Also ich denke auch, man sollte die Kirche bzgl. Click im Dorf lassen:
1. Der Click ist als Übungsmedium mit Sicherheit erste Wahl sowohl für den Drummer selbst, als auch für die Band. Wie oft denkt man, man wäre bei irgendwelchen Breaks oder ähnlichem "in Time" und stellt dann bei näherer Überprüfung fest, dass man doch gerne mal eine Nuance nach vorne zieht oder nach hinten. Also für solches Mikrotiming ist das einfach notwendig. Und wenn Ihr das mit der ganzen Band macht, ist es noch besser, die anderen hatten es ja schon angemerkt, auch für die anderen Musiker ist das wichtig, nicht nur der Drummer schiebt mal ganz gerne, sondern halt auch Gitarristen etc. Für die Band kann man das aber sicherlich auch durch regelmäßiges ledigliches Kontrollieren von Aufnahmen erreichen, nicht zwingend nur mit Click.
2. Zu den Kopfhörern: Also wenn die Band komplett nach Click spielt, ist es mir eigentlich egal, ob das jetzt insgesamt dynamisch klingt oder ob ich das nun mitbekomme oder nicht. Wenn man zum Click keine Dynamik bekommt, zeigt das nur, dass man zu selten mit Click übt und sich dabei halt nicht "zu Hause" fühlt. Da hilft nur üben und üben und üben bzw. eingewöhnen, bis es klappt.
3. Aber übertreiben sollte man das nicht. Der Click ist kein Allheilmittel, sondern eben nur ein Übungsmedium. Das Time, der Puls, muss selber entwickelt werden. Gerade in Livesituationen bringt es überhaupt nix, wenn man da auf einmal im Regen steht, weil der gewohnte Click halt nicht da ist.

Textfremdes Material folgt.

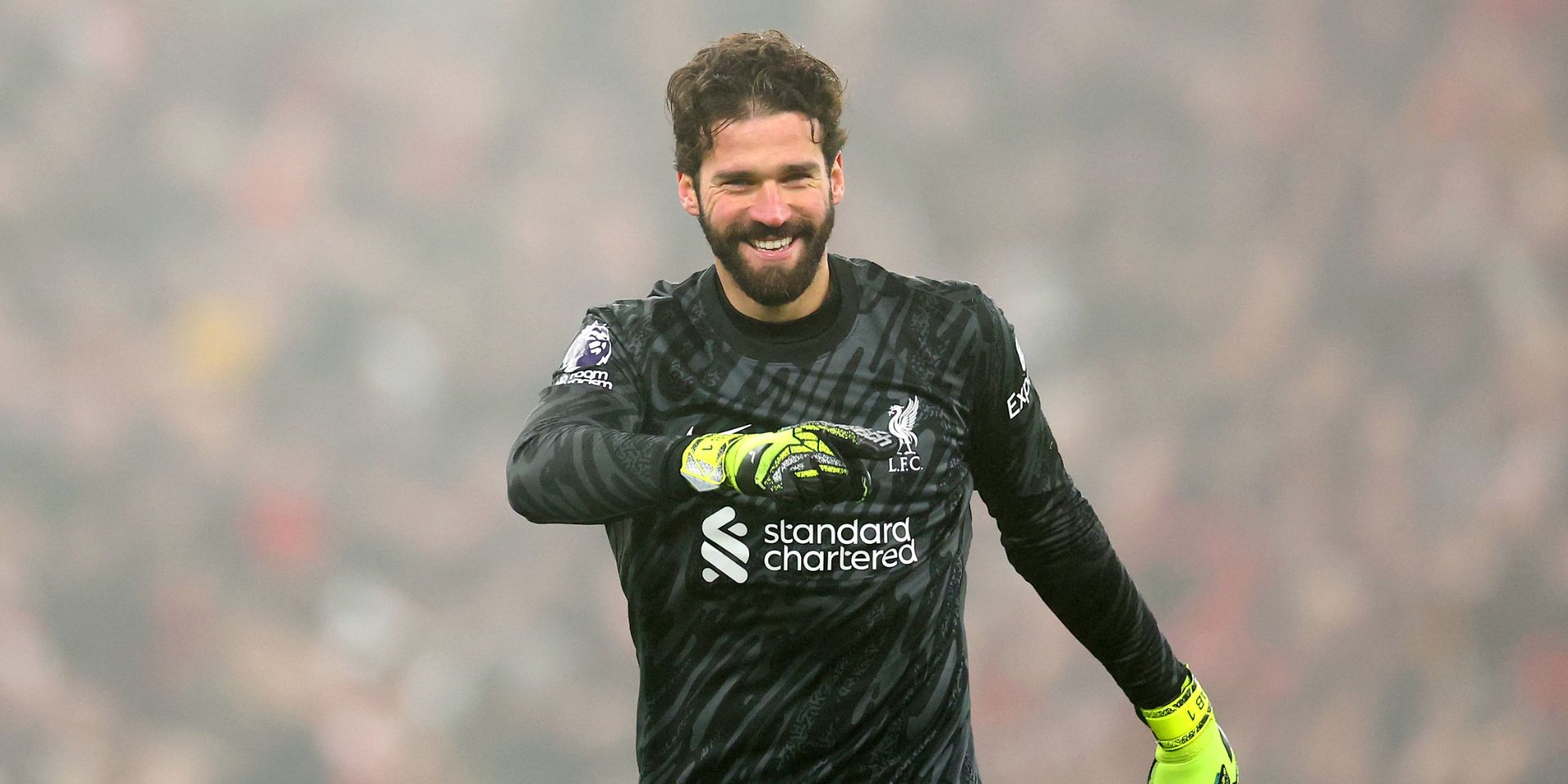 Alisson celebrates at Anfield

4. Live spielen im übrigen auch die absoluten Cracks nicht perfekt auf der Line, das gibt es auch Schwankungen, solange kein Sequenzer mitläuft oder dergleichen. Und das gilt sowohl für den Rockbereich, als auch für den Jazzbereich. Wichtig ist, seinen eigenen Stil zu finden, leichte Timeschwankungen gehören zu Musik, wie jedewede andere rythmisch gewollte Phrasierung. Die Musikwelt hat bis in die 70iger bis zum Einsetzen des Discosounds fast alles ohne Click gespielt, und das sehr ordentlich. So ist denn auch das Zitat von J.Gruber richtig: "You don't have to play straight like a porno-machine, you don't walk like that, you don't breath like that, it doesn't work like that."

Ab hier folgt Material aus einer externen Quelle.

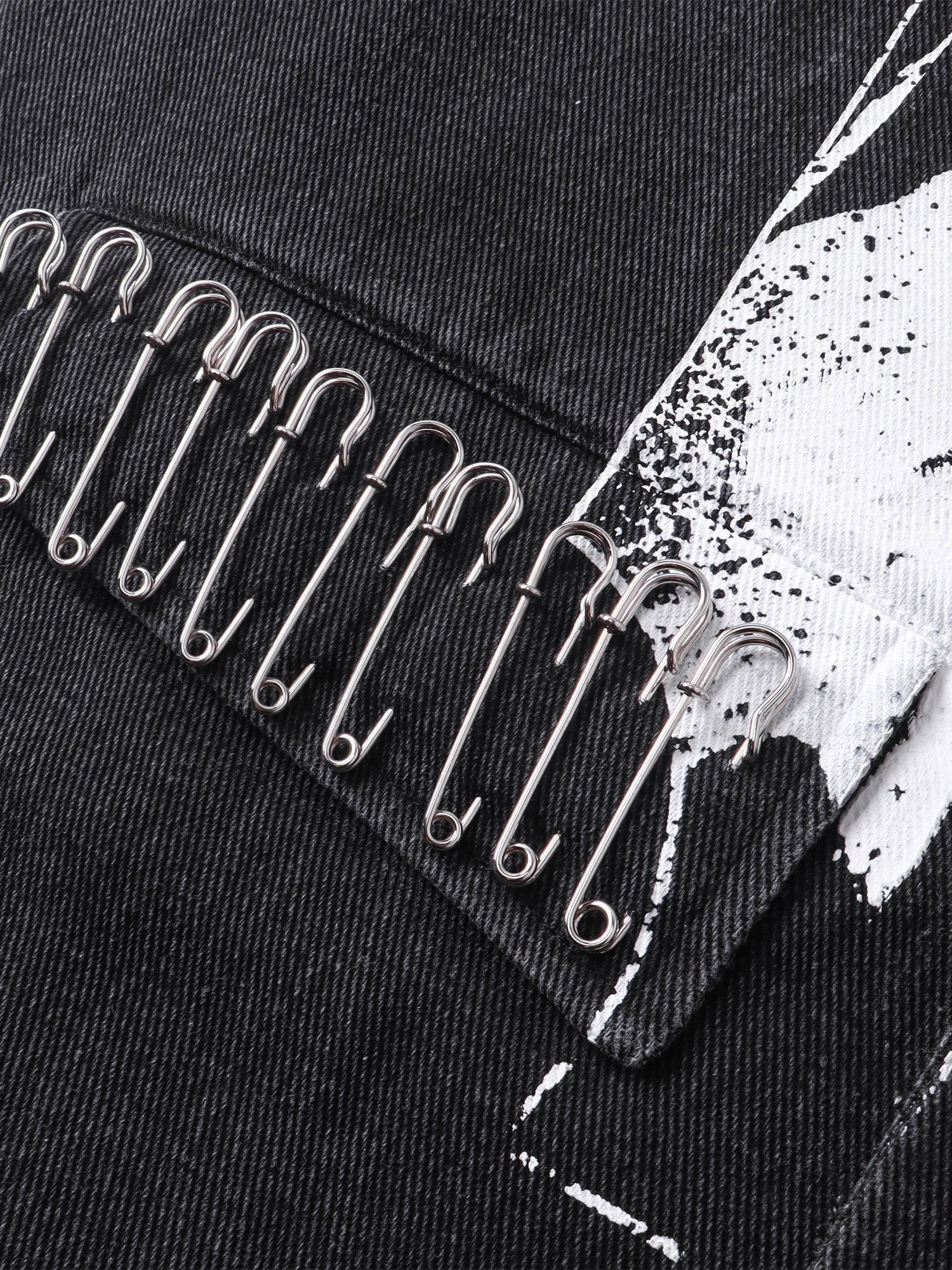 Close-up of safety pins layered over the front print on TBHNP black blazer — men's streetwear detail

4. In diesem Sinne: üben zum Click, ok, aber beim schließlichen Livespiel weglassen. Kein Publikum merkt im übrigen die feinen Abweichungen, es kommt alles drauf an, dass es insgesamt groovt, und dazu gehört halt auch, dass das Tempo bei Lauteren Passagen mal ganz ganz leicht anhebt oder nach hinten fällt, solange es die Band als Einheit macht, ist es gut. Wie ja auch schon angemrkt wurde, ist es halt auch eine Sache des Zusammenspiels der Musiker, wie ihre einzelnen Phrasierungen zusammen passen. Ich denke, man kann die besten der Zunft zusammenholen, Drummer, Percussionisten, keyboarder, Gitarristen etc, alle haben ein subjektiv leicht unterschiedliches Timinggefühl, einige spielen halt bestimmte Sachen anders phrasiert, als andere, das hat auch mit Exkatheit nix mehr zu tun.

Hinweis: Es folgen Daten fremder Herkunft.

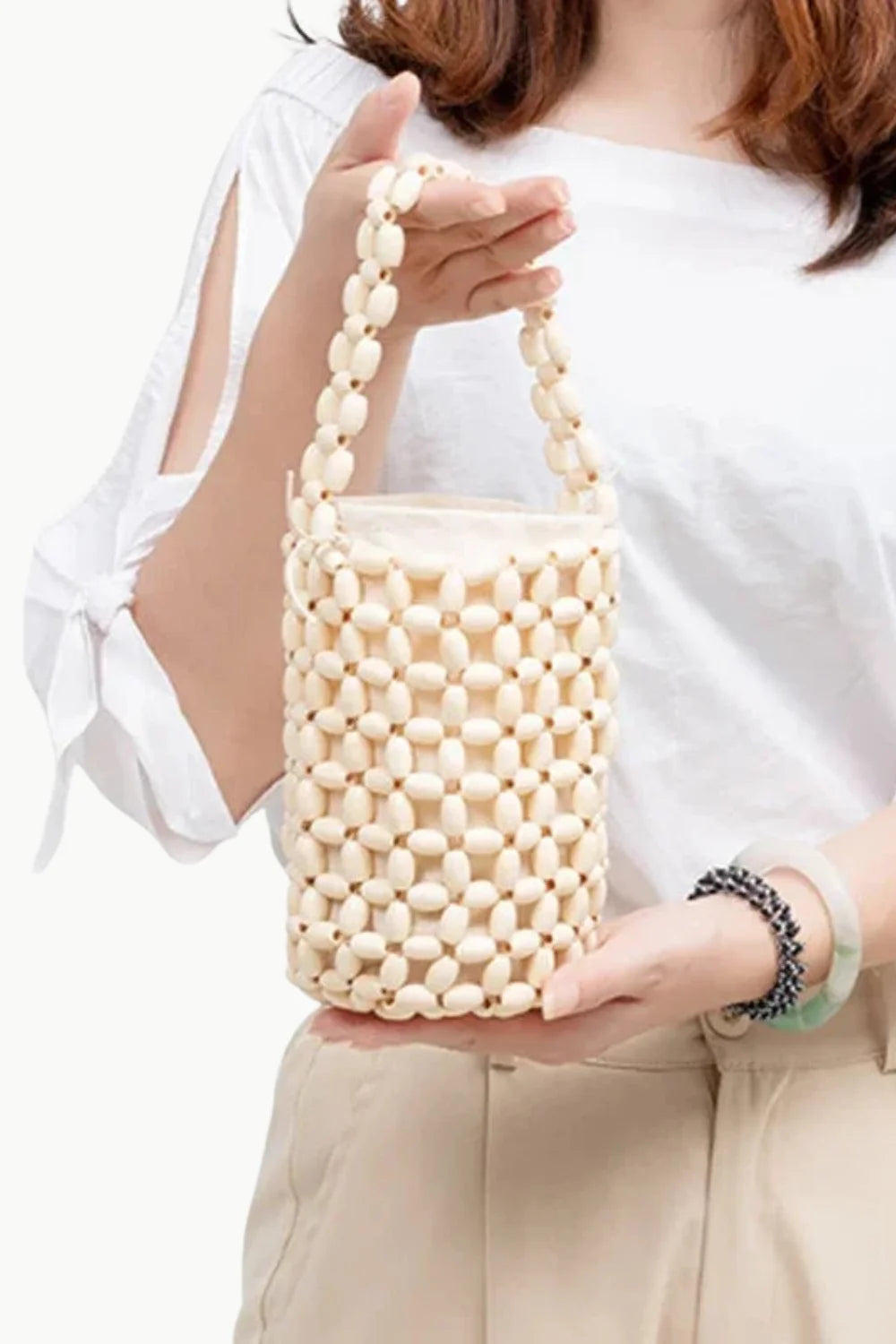 Beige wooden beaded bucket bag with top handle, stylish beaded bucket bag accessory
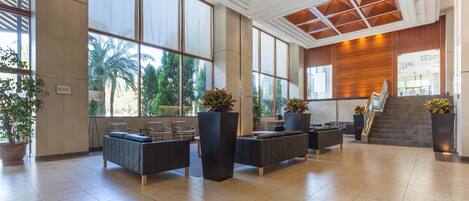 Um hall amplo com grandes janelas, escada e áreas de estar modernas.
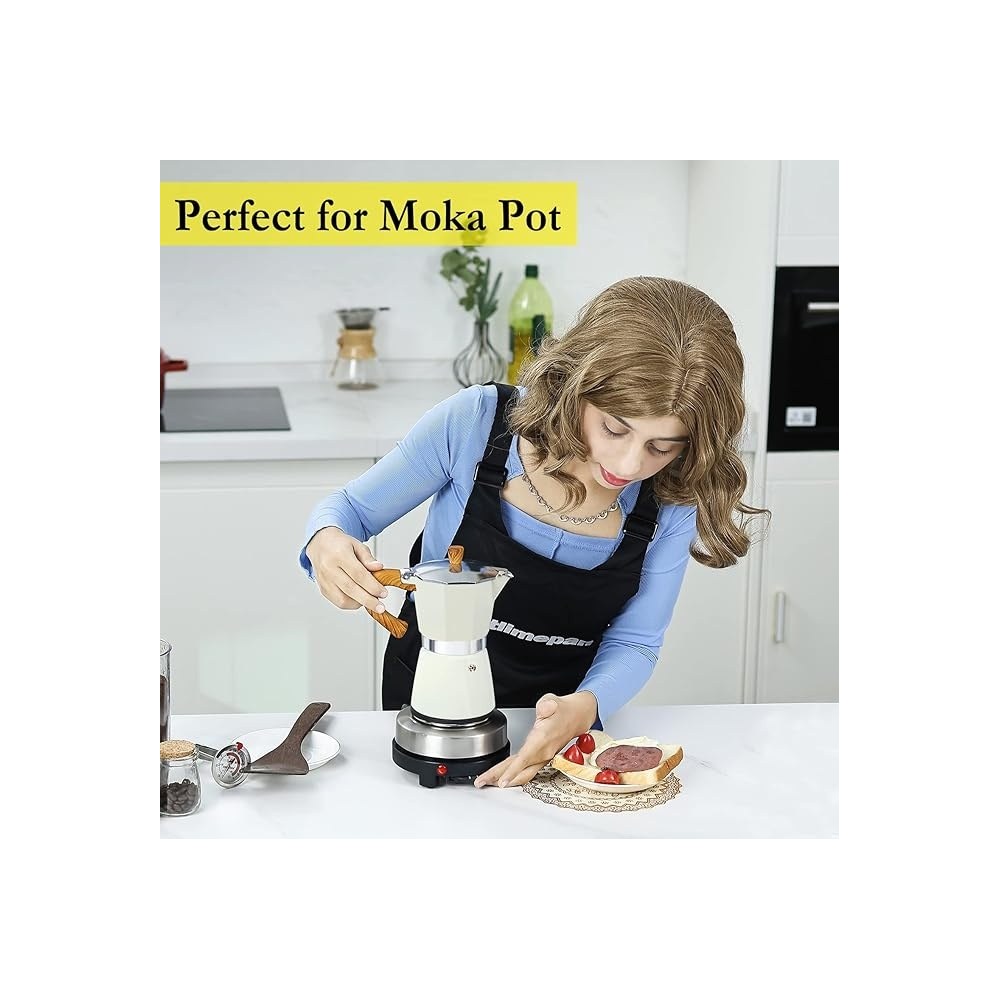 Hot plate heating a gold moka pot for coffee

5. Insbesondere halt ich es aber für Unsinn, gemeinsam mit der ganzen Band hinzugehen und zu sagen:"wir üben jetzt mal nach Click". Das muss jeder Musiker für sich an seinem Instrument natürlich vorher gemacht haben, sonst hat das keinen Sinn.
6. Im übrigen finde ich die Sache zum Click zu spielen auch nicht sooo dolle. Man hat doch bei einem Click "room to stretch", d.h. man die Möglichkeit, passagen nach hinten zu spielen oder nach vorne, ohne den Click zu verlassen. Richtig ätzend wirds doch eigentlich nur beim Spielen zum Sequenzer, erst da ist man doch auf jeder Feinheit festgelegt.
7. Abschließend nur noch ein Tip: je mehr Noten der Click hat, desto besser kann man die Time zum Click halten. Viele setzen den Click ja als Metronom auf die 4tel Noten, was ich für unklug halte. Man sollte den Click immer auf 8tel einstellen, dann bleibt man automatisch besser und leichter im Timing, weil das Ohr einfach mehr Subdivisionen angeboten bekommt.